Swahili Divers turned out to be a God-send. We arrived without reservations which was a huge risk since accommodation on Pemba is slim to none. But, they had room for us and put us up in our own huge bungalow. The place was brand new and still being built, so not all of the kinks were worked out just yet, but it didn’t matter to us. We had a huge bed, a cool looking outdoor shower, and dinner on the table. Emma, the manager, was extremely good to us and helped us settle in nicely. She introduced us to her companion Stuart who would be our dive master for our scuba diving. Both are originally from Zimbabwe and we had some amazing and very educating discussions with both of them about their homeland. It’s incredibly sad to hear what has happened to a country that was once one of the most thriving countries in Africa.

As for the scuba diving, all I have to say is AMAZING! Probably some of the best scuba diving we have ever done. Visibility was fantastic, the coral so beautiful and bright and the numerous fish…just awesome! Swahili Divers had their very own Dhow boat, so we were never crowded or diving with people we didn’t know. It was like having an ocean all to ourselves. The only down side would be the amount of sea urchins. We always had to walk across the coral in the morning to board the boat because of the low tide, which meant stepping over sea urchins. Sometimes if the water is a little deep it’s hard to see exactly where the urchins are-they appear to be all around you since water tends to magnify things. At one point while crossing the water, Christy froze in place and shouted that she didn’t want to move because she couldn’t tell where the sea urchins where. So, I impatiently told her to hold on to my shoulder an I would guide her and I groveled that there were no sea urchins where we were walking…then I immediately stepped on one. I had about five or six quills sting the side of my ankle. Christy, however escaped unharmed and she loves to make fun of me.
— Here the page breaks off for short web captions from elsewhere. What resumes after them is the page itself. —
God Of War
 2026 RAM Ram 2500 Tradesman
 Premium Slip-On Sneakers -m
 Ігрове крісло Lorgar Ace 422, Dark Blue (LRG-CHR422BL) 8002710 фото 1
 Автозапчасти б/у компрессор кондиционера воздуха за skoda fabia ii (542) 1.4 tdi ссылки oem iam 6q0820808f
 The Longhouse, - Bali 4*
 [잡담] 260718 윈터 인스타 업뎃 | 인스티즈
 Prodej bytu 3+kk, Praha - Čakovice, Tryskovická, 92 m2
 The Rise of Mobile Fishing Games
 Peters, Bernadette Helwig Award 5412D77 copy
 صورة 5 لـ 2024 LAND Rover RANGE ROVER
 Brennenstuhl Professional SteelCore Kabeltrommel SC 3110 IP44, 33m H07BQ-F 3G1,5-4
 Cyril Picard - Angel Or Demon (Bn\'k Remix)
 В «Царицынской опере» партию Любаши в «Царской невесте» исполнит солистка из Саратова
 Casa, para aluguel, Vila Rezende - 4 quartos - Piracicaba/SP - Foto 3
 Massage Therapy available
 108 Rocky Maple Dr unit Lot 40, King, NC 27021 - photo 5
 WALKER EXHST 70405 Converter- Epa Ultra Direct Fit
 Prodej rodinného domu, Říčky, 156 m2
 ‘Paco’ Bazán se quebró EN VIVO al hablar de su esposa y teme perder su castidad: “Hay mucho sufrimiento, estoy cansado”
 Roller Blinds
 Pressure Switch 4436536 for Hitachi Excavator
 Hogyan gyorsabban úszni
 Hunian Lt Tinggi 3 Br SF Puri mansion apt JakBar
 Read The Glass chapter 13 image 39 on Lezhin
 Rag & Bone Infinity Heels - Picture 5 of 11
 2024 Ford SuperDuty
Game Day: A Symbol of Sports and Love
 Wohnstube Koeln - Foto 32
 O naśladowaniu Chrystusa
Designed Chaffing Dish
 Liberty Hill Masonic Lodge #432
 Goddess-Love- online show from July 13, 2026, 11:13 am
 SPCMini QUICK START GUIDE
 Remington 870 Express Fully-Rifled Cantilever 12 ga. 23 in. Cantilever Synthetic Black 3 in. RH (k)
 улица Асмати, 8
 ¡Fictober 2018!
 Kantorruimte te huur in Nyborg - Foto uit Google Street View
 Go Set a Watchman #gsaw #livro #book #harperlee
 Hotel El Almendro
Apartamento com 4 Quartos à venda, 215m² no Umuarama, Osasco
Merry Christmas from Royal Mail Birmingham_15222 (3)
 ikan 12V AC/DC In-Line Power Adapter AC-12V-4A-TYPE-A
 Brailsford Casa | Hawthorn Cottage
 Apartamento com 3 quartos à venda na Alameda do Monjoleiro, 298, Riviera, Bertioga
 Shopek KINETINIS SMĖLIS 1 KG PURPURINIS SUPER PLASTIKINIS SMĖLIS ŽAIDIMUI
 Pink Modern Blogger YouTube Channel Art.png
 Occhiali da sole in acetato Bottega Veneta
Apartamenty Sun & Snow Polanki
Our stay on Pemba just happened to be during the Thanksgiving holiday and so we were feeling a little homesick. The staff found out that we were missing a huge turkey dinner and though they didn’t have turkeys on Pemba, they had chickens. So, for dinner, we had fried chicken and french fries. That was close enough for Steve and I, so we chowed down our “African” Thanksgiving feast. A few hours later, Christy woke up with a terrible stomach ache. She made a bee line for the bathroom where the lovely African Thanksgiving dinner decided to come back up. She was sick for hours and continued having terrible stomach cramps into the next day. There were a few other guests who also got sick…must have been the chicken. She didn’t eat much for days, even after we left Pemba and headed for Zanzibar. Still, she was able to ralley and enjoy some great scuba diving over the next couple of days.

We had a great time on Pemba, mostly due to the staff of Swahili Divers. They made us feel like we were old friends and we have some great memories thanks to them!